その頃は今よりも休日がいっぱいもらえて、よくノボリとポケモンを捕まえに行っていた。
だけど、二人揃ってサブウェイマスターになってからは休みなんてほとんど無くって、
でもバトルは時々しか出来ないから少し暇。
そんなことを考えていると視界に紫炎が揺らめいた。
「んー? どしたの?」
ペンを持ったままデスクで遠い目をしていたらしい僕をシャンデラが気遣う。
「大丈夫。ちょっと考え事してただけ」
「…?」
そういえば、このシャンデラも僕らが鉄道員だった時に出会ったヒトモシなんだ。
今日みたいな寒い冬の日にノボリが「ぬっくいです」とか言ってぬいぐるみにするみたいにぎゅうぎゅう抱きしめて連れてきたんだっけ。丁寧に丁寧に育てられているヒトモシを見て当時は少し嫉妬したものだ。
そして几帳面なノボリに育てられたヒトモシはやはり強く美しいシャンデラへと進化した。
なんて考えながら仕事の邪魔にならないよう、机に置いた制帽で遊んでいたバチュルを指先で撫でると、気持ち良さそうに青い目を細める。可愛いなぁ。……って、いけない、いけない。またギョームホーキしちゃうとこだった。
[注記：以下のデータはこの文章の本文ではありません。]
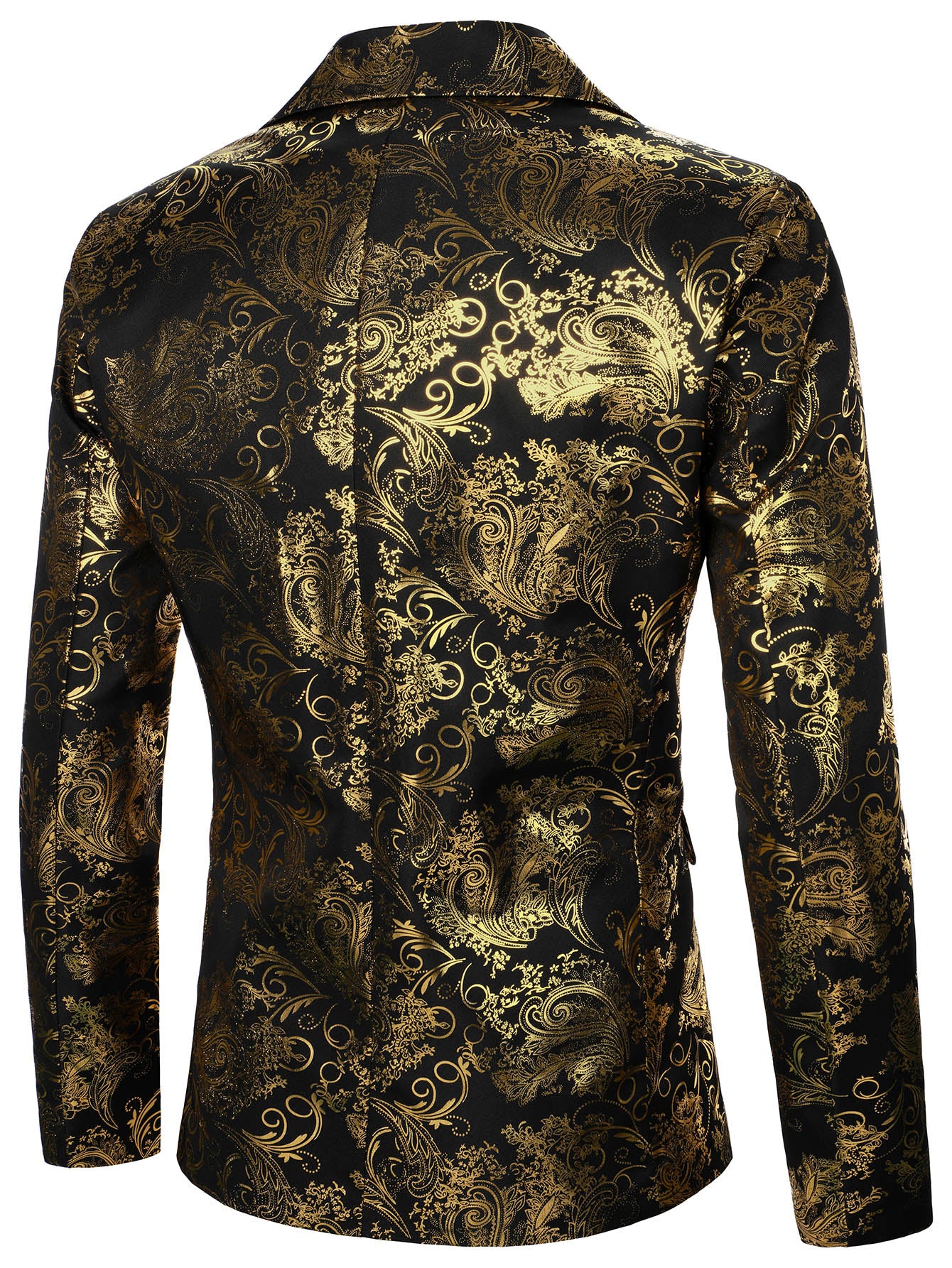Baroque Print Lapel Collar Single Button Blazer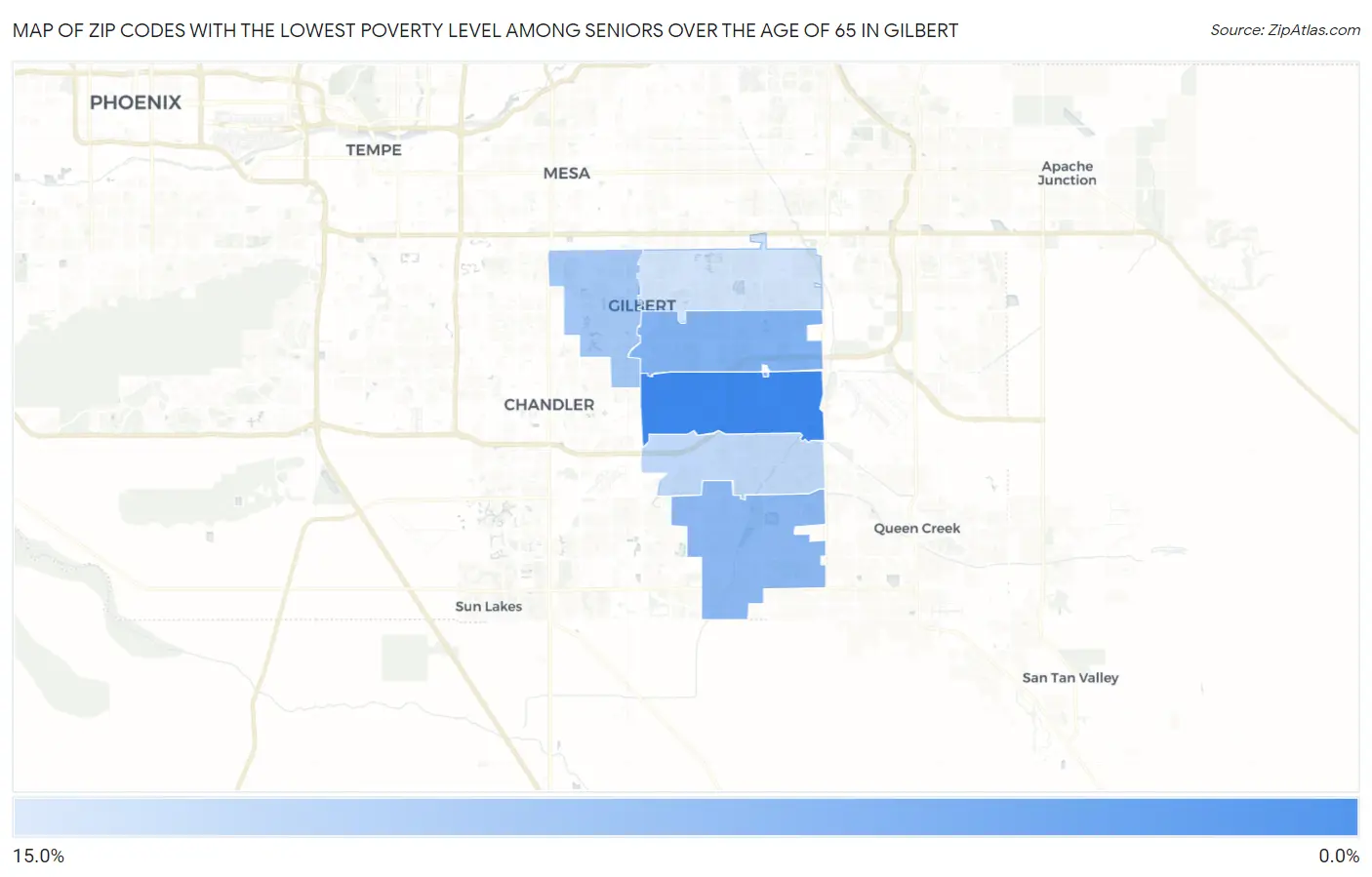 Zip Codes with the Lowest Poverty Level Among Seniors Over the Age of 65 in Gilbert Map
ノボリが帰って来る前に終わらせるって決めたんだから。
久々にスーパーシングルに挑戦者が来たから、すっごく嬉しそうだった。
……まぁ、他の人から見たらいつもと変わらない表情だろうけどね。
「僕今すっごい本気。だってノボリ嬉しそうだった。紙切れで悲しくさせたくない」
そうだよ。僕だってやればできるんだよ。
みたいなことを考えながらペンを走らせていると、ちらちらと紫炎が視界の端で踊る。
「なぁに? 僕今仕事して…?!」
さっきと同じくシャンデラが炎を揺らめかせているのかと思って顔を上げると、違った。
大量のヒトモシたちが他のポケモンと協力してココアを持ってきてくれていた。
呆然としていると、ごとん、とマグカップが置かれる。優しくて賢い子たちだなぁ。
「…えへへ。ありがと」
なんだか嬉しくなってお礼を言うとヒトモシたちは照れたように紫炎を揺らした。